Ptolemy is a third-generation software environment that started in January of 1990. It is an outgrowth of two previous generations of design environments, Blosim [Mes84a,b] and Gabriel [Lee89][Bie90], that were aimed at digital signal processing (DSP). Both environments use dataflow semantics with block-diagram syntax for the description of algorithms. To broaden the applicability beyond DSP, the Ptolemy kernel does not build in dataflow semantics, but instead provides support for a wide variety of computational models, such as dataflow, discrete-event processing, communicating sequential processes, computational models based on shared data structures, and finite-state machines. For these computational models, the Ptolemy kernel provides a mixture of compile-time and run-time scheduling techniques. Unlike Blosim or Gabriel, then, the Ptolemy kernel provides infrastructure that is extensible to new computational models without re-implementation of the system.

Since 1990, we have had seven major releases of Ptolemy, numbered 0.1 through 0.7. The zero indicates that Ptolemy is research software and not a commercial product. Between annual major releases, we put out one or two incremental releases. Our goal is to test our algorithms and methodologies in Ptolemy and to transfer them as quickly as possible to the public through freely distributable releases. Because of the critical mass of users of Ptolemy worldwide, a news group called comp.soft-sys.ptolemy was formed in 1994. The Ptolemy Web site http://ptolemy.eecs.berkeley.edu/ went on-line in May of 1994.
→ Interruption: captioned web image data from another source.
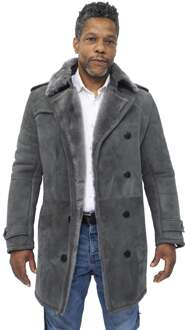 Heren schapenvacht suède erwtjas-Cali Grijs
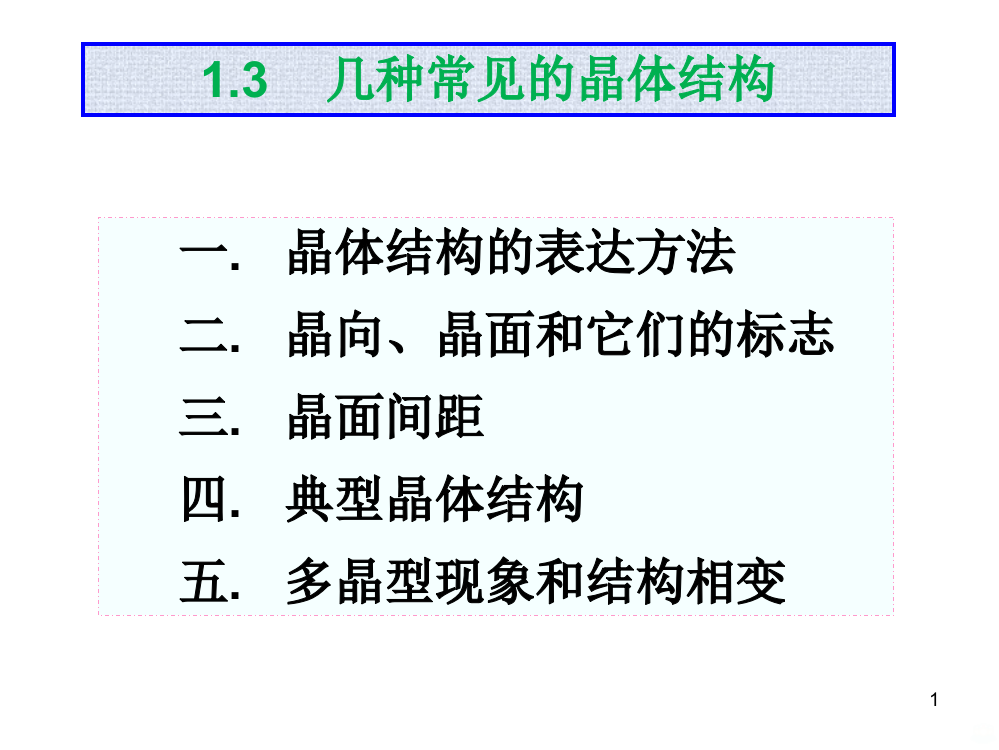 几种常见的晶体结构PPT课件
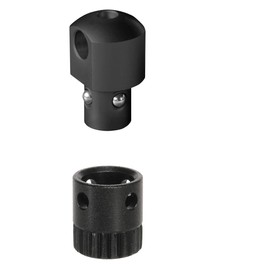 HALDER Unisex - Adult Push & Go Stud Adapter + Socket, Diameter 6 x 1 mm, Black, with Mounting Socket for Mounting in Wood, 6.0 mm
The flexibility of Ptolemy is particularly important for enabling research in design methodology. In September of 1993, the Ptolemy project became part of the technology base portion of the RASSP project (rapid prototyping of application-specific signal processors), organized and sponsored by Advanced Research Projects Agency (ARPA) and the United States Air Force. The Ptolemy part of the RASSP project was to research system-level design methodology for embedded signal processors. Our project aimed to develop formal models for such heterogeneous systems, a software environment for the design of such systems, and synthesis technologies for implementation of such systems. In the latter category, we have been concentrating on problems not already well addressed elsewhere, such as the synthesis of embedded software and the partitioning and scheduling of heterogeneous parallel systems. In 1997 the project became part of the DARPA Composite CAD program, and has shifted its focus towards more aggressively heterogeneous systems, including for example microelectromechanical components, and distributed adaptive signal processing systems.

We have transferred many of our research ideas to computer-aided design tool vendors such as Cadence, Hewlett Packard, and Synopsys. Cadence's Signal Processing Workshop (SPW) includes their version of our synchronous dataflow (SDF) domain and multirate dataflow schedulers. Cadence's Convergence environment (released in October, 1995) is Cadence's implementation of our ideas for heterogeneous simulation. Cadence has used Convergence to allow SPW and Bones (a discrete-event simulator) to cooperate in a simulation, just as the Ptolemy kernel has allowed the SDF domain and the Discrete-Event (DE) domain since 1990. Berkeley Design Technology has a similar cosimulation environment for SPW and Bones, but their implementation is based on the Ptolemy kernel. In June of 1997, Hewlett Packard announced plans to release a Ptolemy-based dataflow modeling environment that is integrated with their highly regarded analog, RF, and microwave circuit simulation software.